VM (Visual Memory): Extreme few-shot classification on ImageNet-1K ($k$ classes, tiny $m_{\text{train}}$), testing the ability to remember rare classes under long-tail distributions while explicitly penalizing overfitting: $$\text{Score}_{\text{VM}}=p_{\text{test}}-(p_{\text{train}}-p_{\text{test}})=2p_{\text{test}}-p_{\text{train}}.$$

2. Cross-Task Normalization & Aggregation

Scores have different scales and directions: CSB and VM are "higher is better," while LGJ, OIP, RM, and MF (errors) are "lower is better." Scores are standardized (mean subtraction, division by std) and negated for error-based tasks to ensure "higher is better" across all dimensions before summation into $S$.

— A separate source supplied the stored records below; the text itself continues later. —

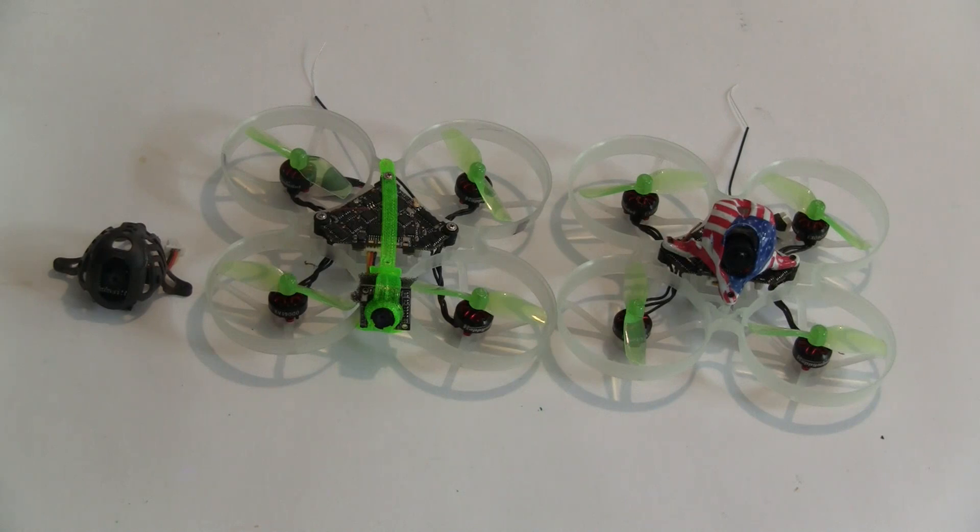The advantage of using a CatX Ant camera is it has a little bit higher resolution — it's 1200 TVL versus 800 TVL — and the low light characteristics of the camera are a little bit better. It goes down to 0.001 lux, where the Nano 3 camera is 0.01 lux.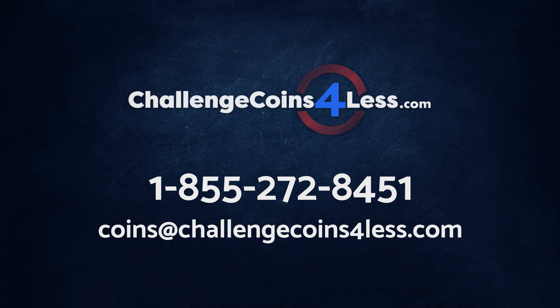And that's it! Any further questions? Give us a call at 855-272-8451 or email us at coins@challengecoinsforless.com to get in touch with a sales rep that can help walk you through your proof today.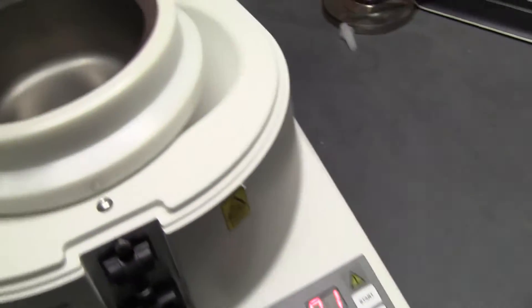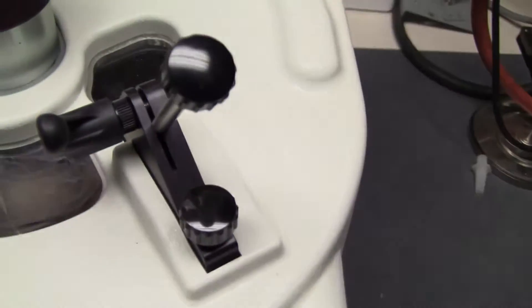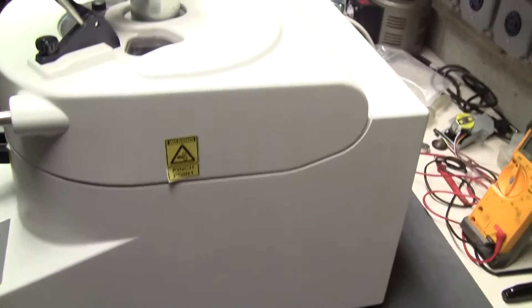I'm actually going to lower it from here. There's that handle up there. Adjustment blade. Pestle down. Very nice condition.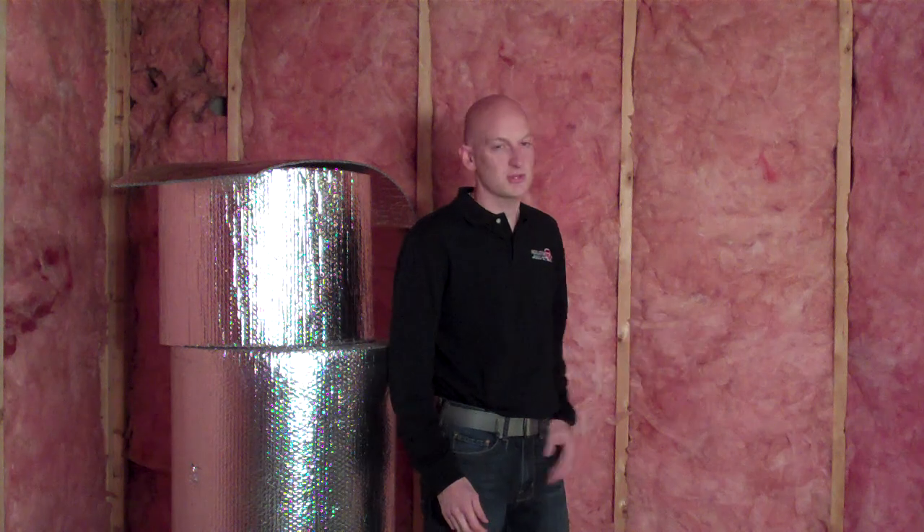We're down here in a customer's basement and they've asked us to add our foil insulation to their existing insulation system. When the house was built, it was roughed in with 2x4s and traditional fiberglass insulation was added.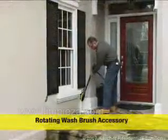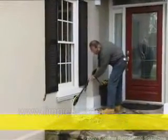For best results, attach Karcher's Rotating Wash Brush and clean the section from the top down in a side-to-side motion.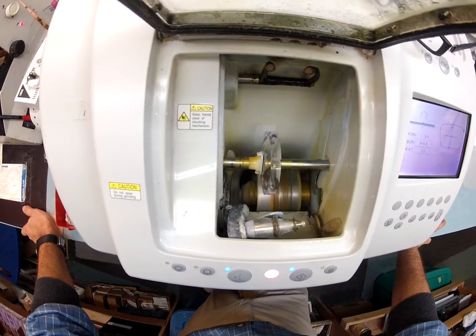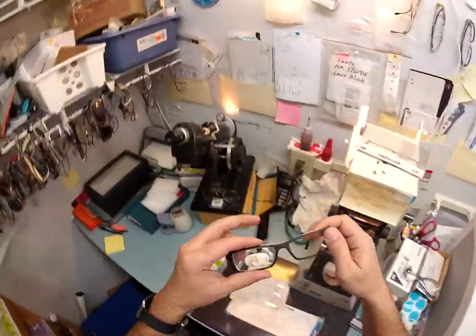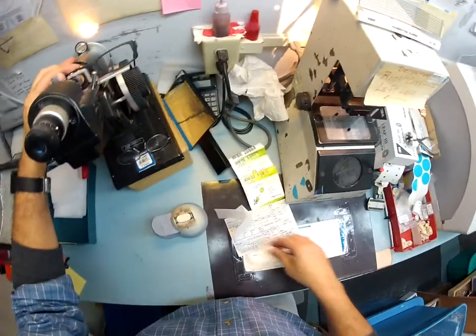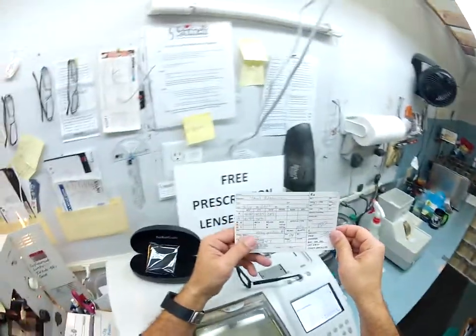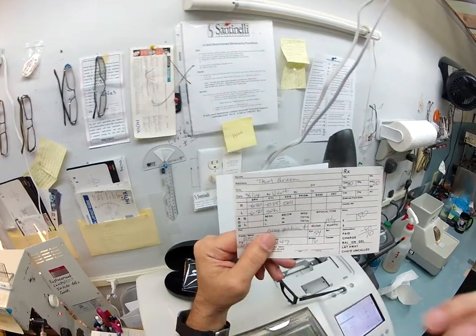And now we are going to start cutting again. While this is doing that, I am going to go ahead and keep working. I am going to take this block off and go ahead and inspect the lens. You are at minus 6.50 minus a quarter at one — minus 6.50 minus a quarter. With your prescription it reads minus 6.50 minus a quarter at one. Your left eye is minus 6.50 sphere.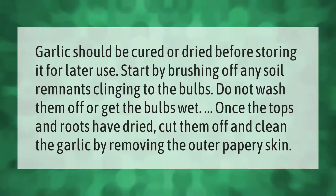Garlic should be cured or dried before storing it for later use. Start by brushing off any soil remnants clinging to the bulbs — do not wash them off or get the bulbs wet. Once the tops and roots have dried, cut them off and clean the garlic by removing the outer papery skin.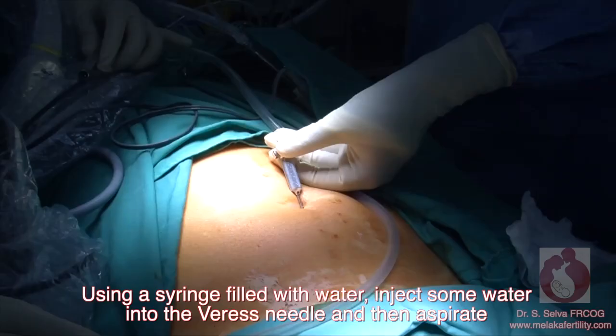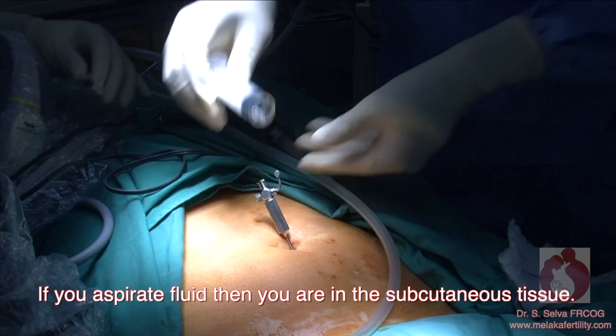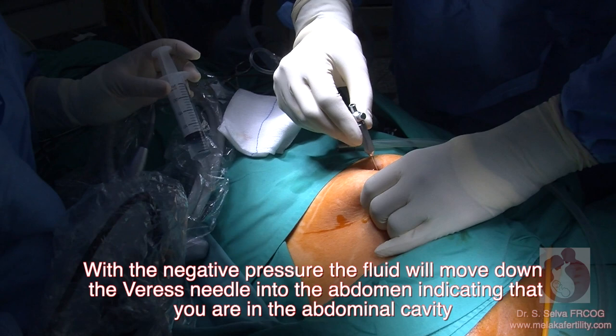Hanging drop test: using a syringe filled with water, inject some water into the Veress needle and then aspirate. If you aspirate fluid, then you are in the subcutaneous tissue. You can then place a drop of fluid on the Veress needle and pull on the abdomen. With a negative pressure, the fluid will move down the Veress needle into the abdomen, indicating that you are in the abdominal cavity.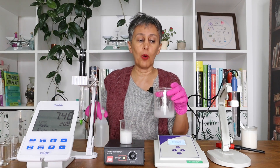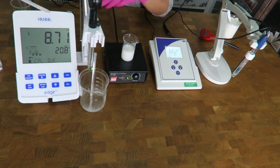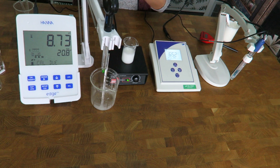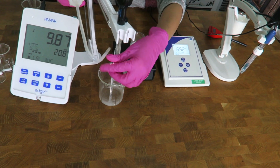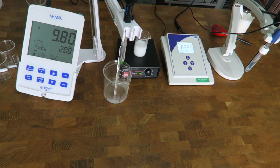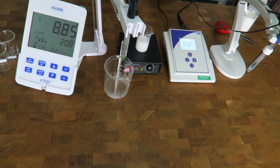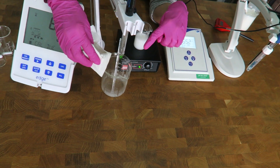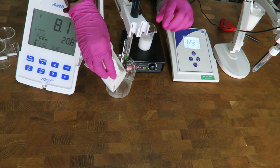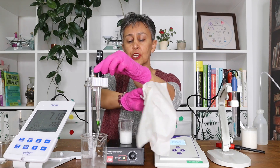When you are rinsing your electrode, go over the electrode with distilled water from all sides and all angles. Then gently take a piece of soft tissue and gently dab it to remove the excess water. Do not rub the electrode — it is sensitive, like the nose of a baby. Just dab the additional water off.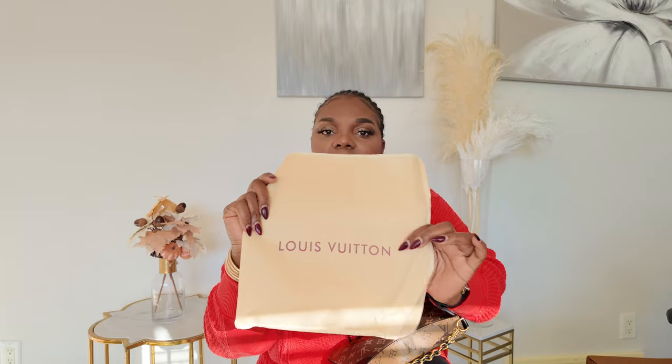So the bag came in this box — a Louis Vuitton box. And it came with the dust bag, which is actually very cute. And this is it.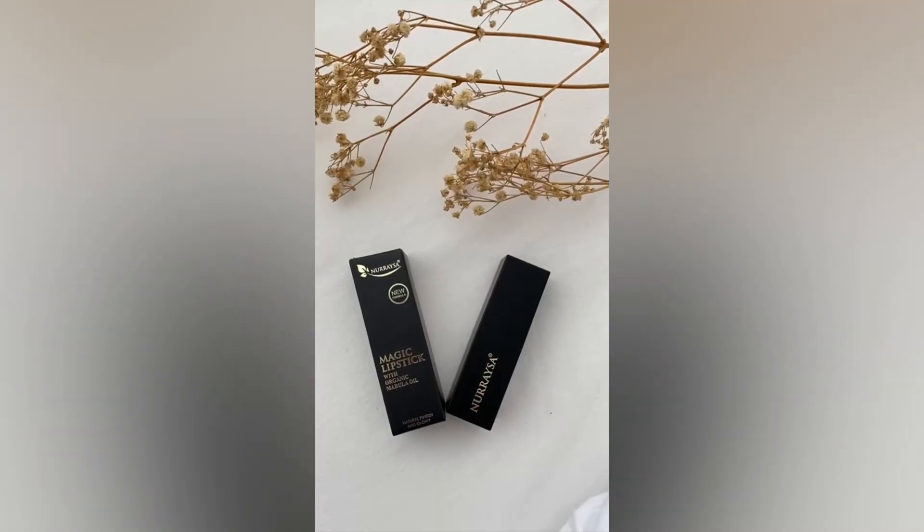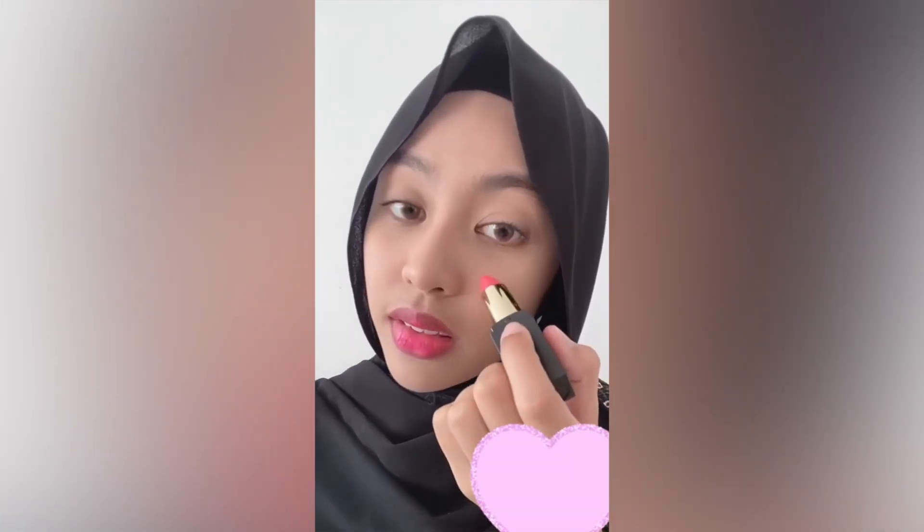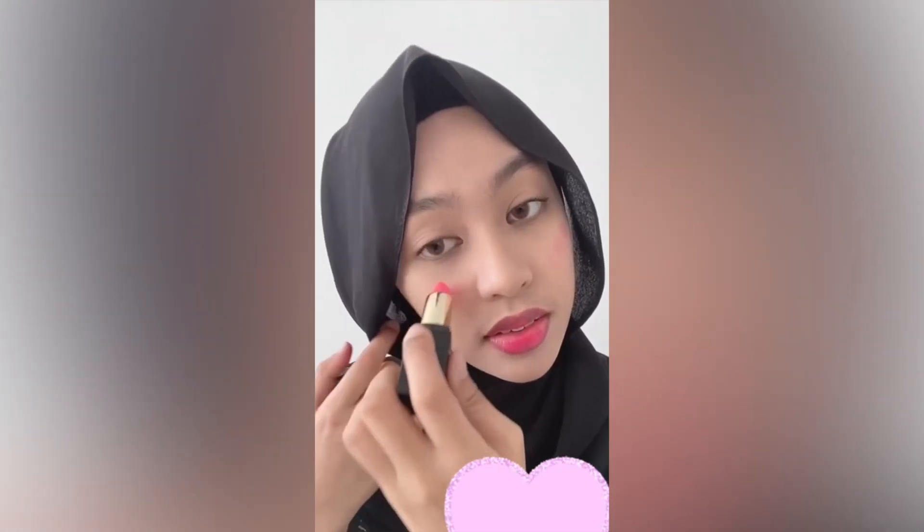Next, I'm using the Magic Lipstick. It's very moisturizing as it has marilla oil. You can also use it as a blusher and an eyeshadow. So here I'm using it as a blusher first and using a brush to blend it out.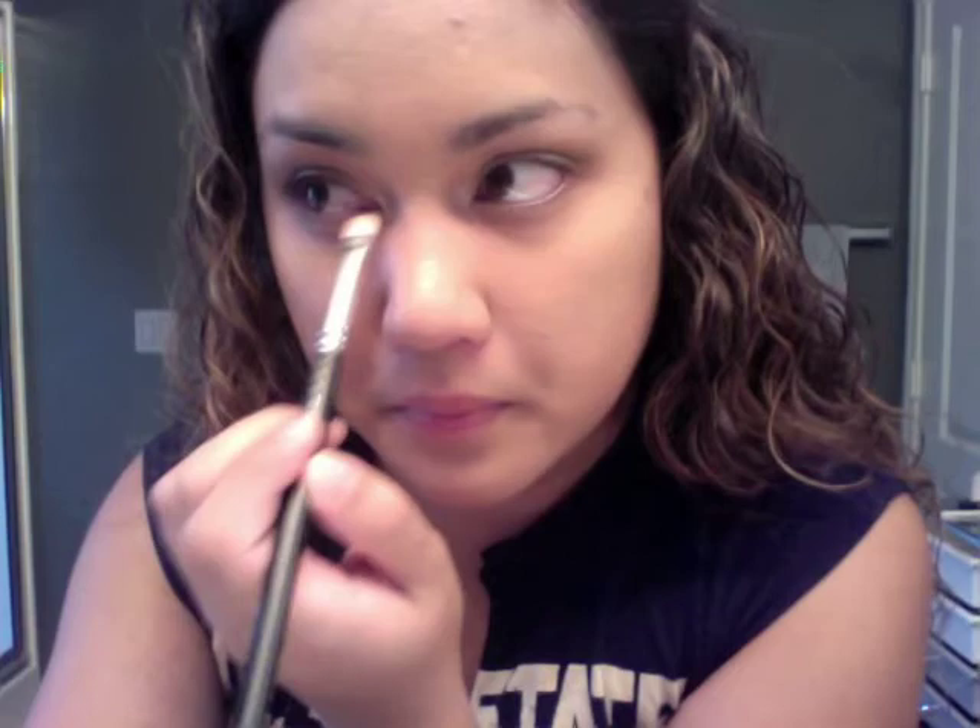That's pretty much all I do — I blend out the edges of Sin into Cork. Then I take a little bit of Sin on the tip of the brush and apply it on my lower lash line.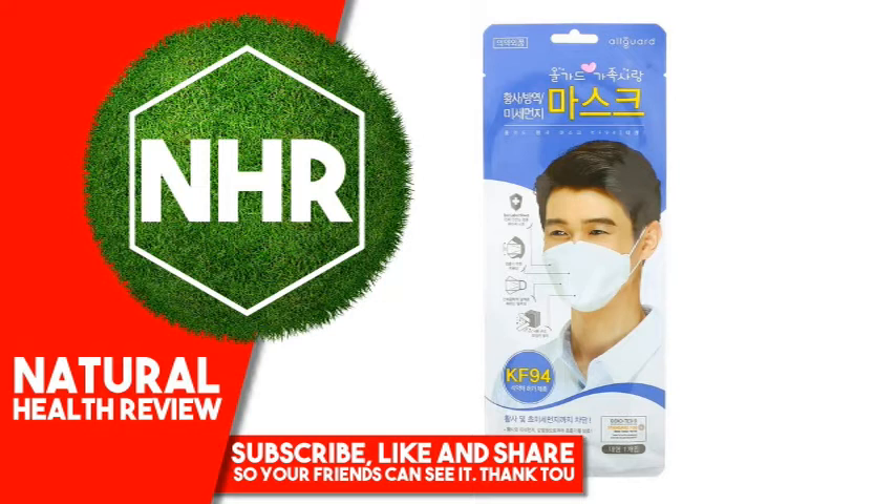This is a Korean standard respiratory protecting face piece. It is specifically designed as 3D flat fold, also referred to as fish-shaped, to provide the wearer with comfort and more space to breathe. When properly used, this product will filter at least 94% of PM2.5 airborne particles to protect the wearer from exposure to harmful air pollutants.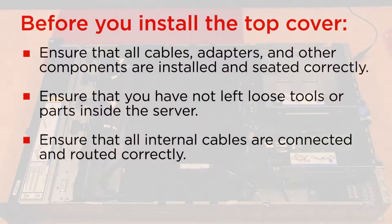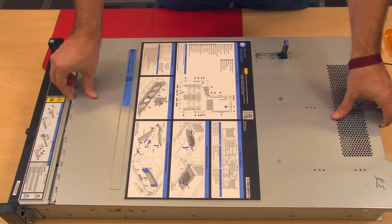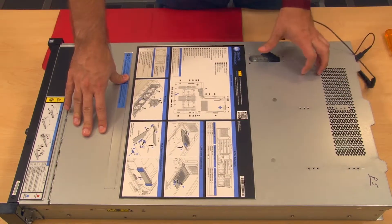Before you install the top cover, ensure that all components are installed and seated correctly. Lower the top cover onto the chassis and ensure that all clips are engaged. Pivot the cover latch down.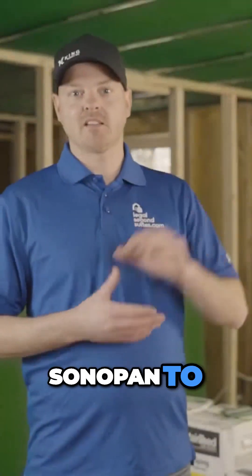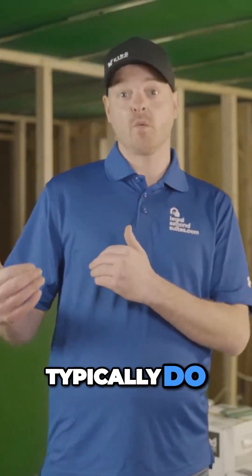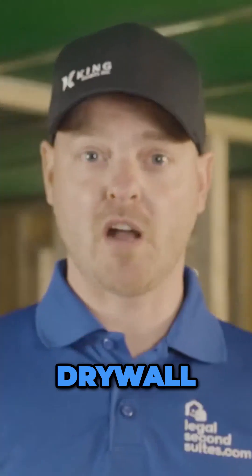We're using Sonopan to see if we can enhance the sound separation in our units compared to what we typically do, which is just single layer 5/8 drywall on the ceiling.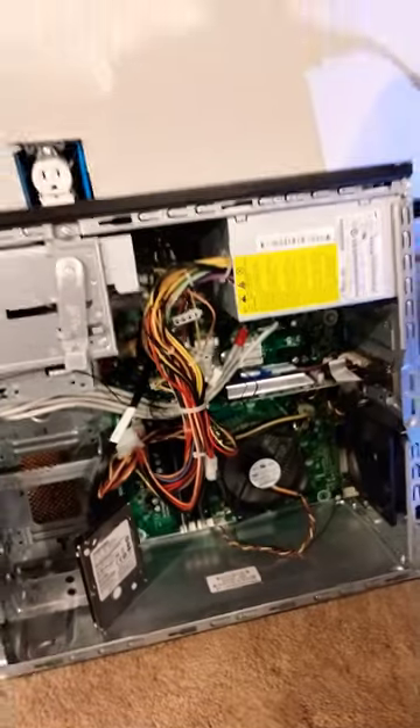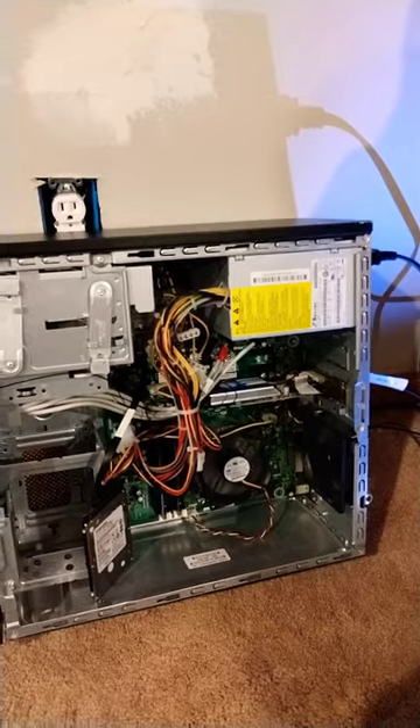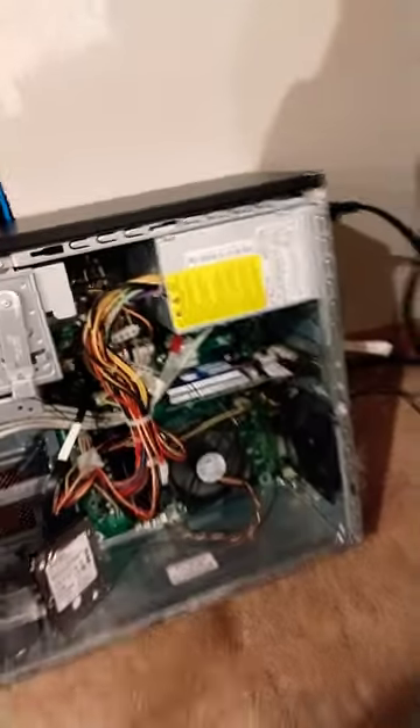As you may remember, the only thing that stopped the PC from being functional when I found it in the dumpster was the fact that it was missing a hard drive. So just as a test, I went ahead and threw this hard drive I found from an old laptop in there and ran Windows Installer, and it worked.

3. Budget-Adaptive Quadratic Response Surface: Joint Optimization of D and E

The evaluation precision and cost are significantly affected by data volume $D$ and epochs $E$. This is formulated as a quadratic response surface: $$\hat{S}(D,E)=\beta_0+\beta_1 D+\beta_2 E+\beta_3 D^2+\beta_4 E^2+\beta_5 DE,$$ subject to $D\cdot t_d+E\cdot t_e\le T_{\max}$. After fitting the surface via anchor points, the optimal $(D^*, E^*)$ is found analytically using Lagrange multipliers: $$D^*=\frac{2\beta_4(T_{\max}-\beta_5 D_{\text{saddle}}t_e)-\beta_5 t_d\beta_2}{\Delta},\qquad E^*=\frac{T_{\max}-D^* t_d}{t_e}.$$ This ensures the most reliable evaluation within the strict GPU time limit $T_{\max}$.

Mechanism¶

For a search with a 1 GPU-hour budget and 500 candidates, $T_{\max}$ is set to 1/500 hours (~7 seconds) per candidate. $D^*$ and $E^*$ are solved via the response surface. Each candidate is briefly trained on the six probes. Scores are normalized and summed to select the winner. This "lightweight training" preserves ranking reliability while keeping costs comparable to training-free methods.

Key Experimental Results¶

Main Results¶

Kendall-τ rank correlation across CNN, Transformer (ViT-Bench), and Mamba (Vim/VMamba) benchmarks:

Benchmark	Family	Ours	Strongest Competitor	Gain
NAS-Bench-101	CNN	92.10	85.12 (AZ-NAS)	+6.98
ViT-Bench-101-A	Transformer	86.38	81.14 (HC)	+5.24
VMamba	Mamba	87.15	28.14 (DSS++)	+59.01

Downstream ImageNet Top-1 accuracy in CNN search space:

Method	Search Cost (GPU h)	Params (M)	Top-1 (%)
OFA	27	15	75.3
QuantNAS	17	16	79.3
Ours (S)	1	17	78.7
Ours (L)	3	17	80.9

Ablation Study¶

Necessity of joint D & E optimization (Top-1 Acc, Budget 1h):

Configuration	CNN	Transformer	Mamba
D-only	77.5	78.0	78.3
E-only	77.3	77.2	78.5
D & E (Full)	78.7	79.2	80.1

Key Findings¶

Task Monotonicity: Rank correlation increases monotonically with the number of tasks; diversity cannot be replaced by simply increasing $D$ or $E$.
Cross-Family Robustness: Unlike proxies specialized for CNNs (e.g., GraSP), the proposed micro-tasks generalize to Transformers and Mamba without correlation collapse.
Joint Optimization Gain: Jointly tuning $D$ and $E$ consistently outperforms single-variable optimization across all families.

Highlights & Insights¶

Proxy Paradigm Shift: Moving from static statistics on untrained networks to performance-based metrics on micro-tasks provides universal applicability across CNN/Transformer/Mamba families.
Sophisticated Probe Design: Each task addresses specific visual capabilities (integration, restoration, geometric equivariance, etc.) while carefully neutralizing "shortcuts" (e.g., angular periodicity in rotation).
Automated Budget Allocation: Modeling the evaluation budget as an optimization problem with a closed-form solution via response surfaces maximizes precision under strict constraints.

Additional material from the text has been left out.